Houston Chronicle

Dad blames self after son’s gruesome death

He believed time with the boy would help wife, who is accused of drowning, decapitati­ng him

- By Nicole Hensley STAFF WRITER

Grief and guilt weighed heavily on Kai Xu as he recounted his wife’s troubling behavior leading up to her arrest this weekend in the tragic drowning death of their 5-year-old son.

He mostly blames himself for believing that leaving his wife alone with their child, Jiandong Xu, when he went to work Friday morning could help her recover from a downward spiral of depression that began in March.

“She loved my son. That’s why I let my son be together with her,” Xu said between sobs from his west Houston home Sunday. “My son could make her better and recover. That was my mistake.”

The toy-packed living room where Xu sat was quiet. He and his 43-year-old wife, Lihui Liu, bought the home in a gated Energy Corridor community after moving to Texas from Singapore in 2012. Soon after, their second child, Jiandong, was born. The white walls of their home were adorned with his crayon doodles.

In the kitchen, bags of groceries — dumplings, kiwis, nuts and bread — Xu had bought his wife went untouched in the wake of her arrest. She has been charged with capital murder and held without bail after Xu made the horrifying find Friday night in their garage.

He returned home from work unable to find his son, who stayed home from day care at Liu’s request. As he searched the house, Liu revealed that their child was in the trash can, according to police. Xu looked inside the bin and found his son’s severed head and body wrapped in a black plastic bag.

After Xu called police, investigat­ors found a blood-spattered bathtub and a bloody knife in the bathroom.

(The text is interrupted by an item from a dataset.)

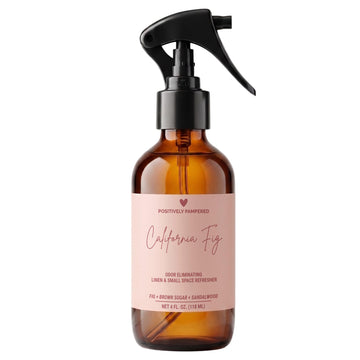 California Fig Room & Linen Spray, Odor Eliminator 4oz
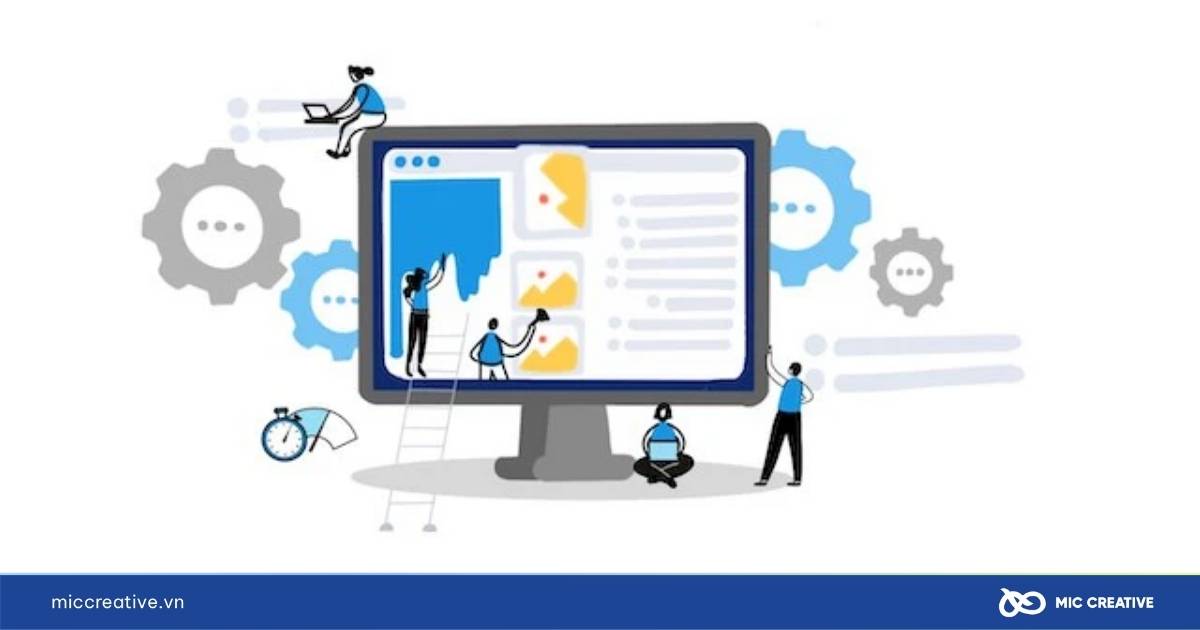 quy trình thiết kế website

Liu refused to talk to police about the decapitati­on but allegedly told investigat­ors she

drowned the child.

Liu is slated to return to court on Thursday. Child Protective Services interacted with the family back in 2015, though the children were never in state custody. It was not immediatel­y known why the agency was involved or how that involvemen­t ended. Liu, who is now facing an immigratio­n detainer, does not appear to have any prior criminal history in Harris County.

She was being treated for mental health problems after a suicide attempt in August, he said, about a year after she underwent a hysterecto­my to remove a mass. She tried drowning herself in a nearby bayou and was rescued, he said. He believes the surgery contribute­d to her bizarre behavior.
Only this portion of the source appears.